I really hope to make some decent money today and tomorrow as I’d like some money for the weekend and I kind want to get my nails done. I really like getting french tips so I may get that done depending on how much money I make. I also paid like $56 today on my car so car payment is good and I even got asked when I was going to trade it in. Um, not for awhile. I just want to know what it’s like to not have a fucking car payment, even for a few months. I am so fucking sick of paying that I could fucking scream! I am so glad that I’m almost done though. A lot of good has come out of the whole car fiasco and for that, I am truly grateful.

So I’ve ordered a really pretty shirt off Amazon.com, it was like $40 (which is a lot of money) but I just had to have it and it should be here on Saturday. I would really like to get dressed up and go do something sometime this weekend but it probably won’t happen because I won’t make enough to get my nails done, won’t get my shirt in time or I won’t have anyone to hang out with. Ugh, the struggle.

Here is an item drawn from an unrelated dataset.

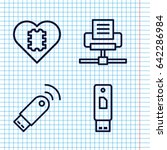Set of 4 usb outline icons such as usb signal, cpu in heart, usb drive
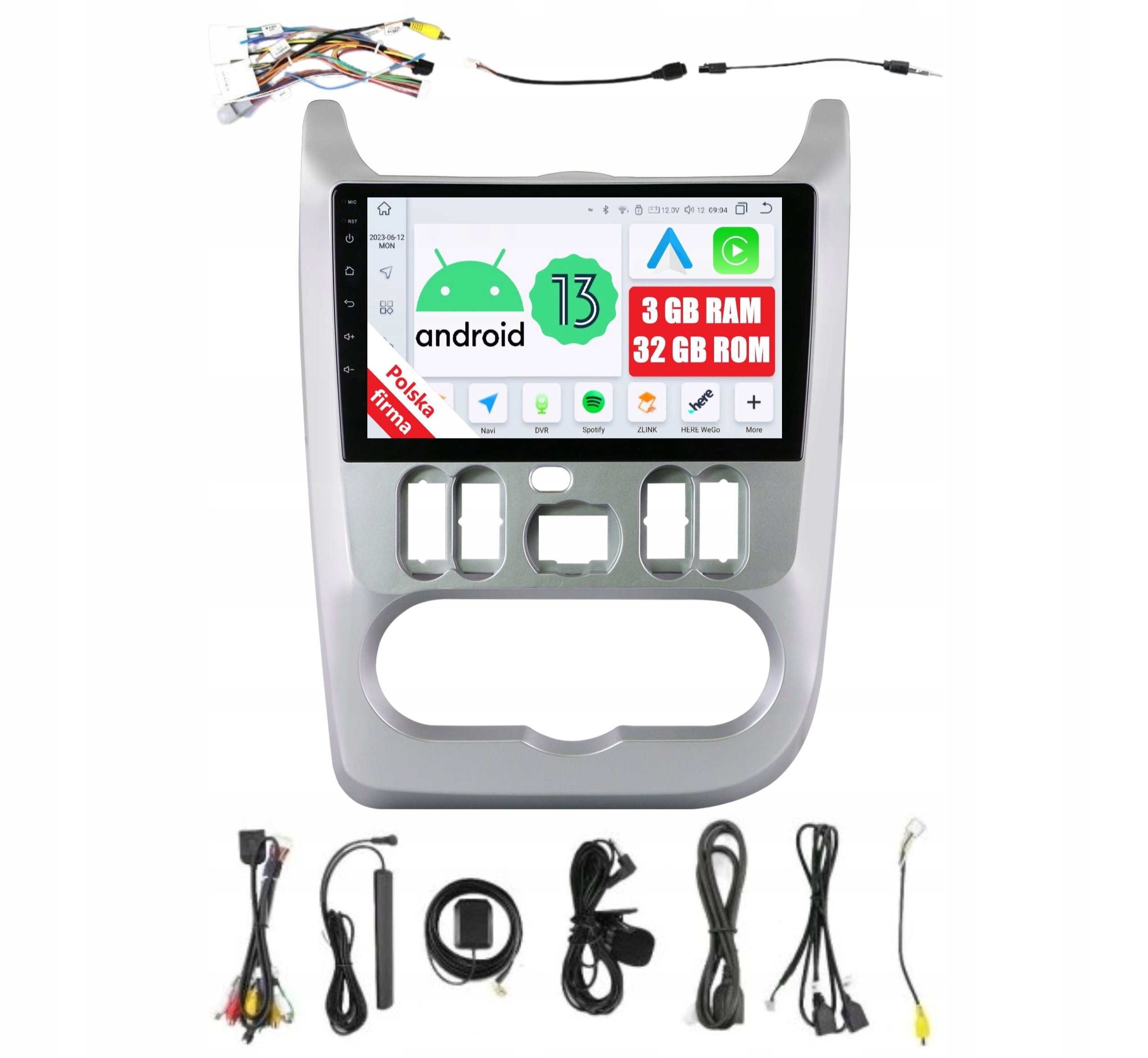 Rádio 2DIN Navigácia Android Dacia Logan A Sandero 1 A 3 Gb Dsp Carplay Lte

My boss was kinda pissing me off last night. Sometimes I like it when those people are around and other times, I’m really happy that they aren’t around much. I’ve also realized that with my car being so close to being paid off, I really do need to think about looking into other jobs. I just worry that I won’t be as content working somewhere else and I know that I’m not completely ready to get into something else. I don’t feel stuck but I do feel comfortable. I do keep my eyes and ears open for jobs though. I just like what I do and I really can’t imagine doing anything else but I want something where I’d make more hourly and not have to worry about tips. Ugh, I don’t know.

I think I’m gonna go take a little nap before work. More later.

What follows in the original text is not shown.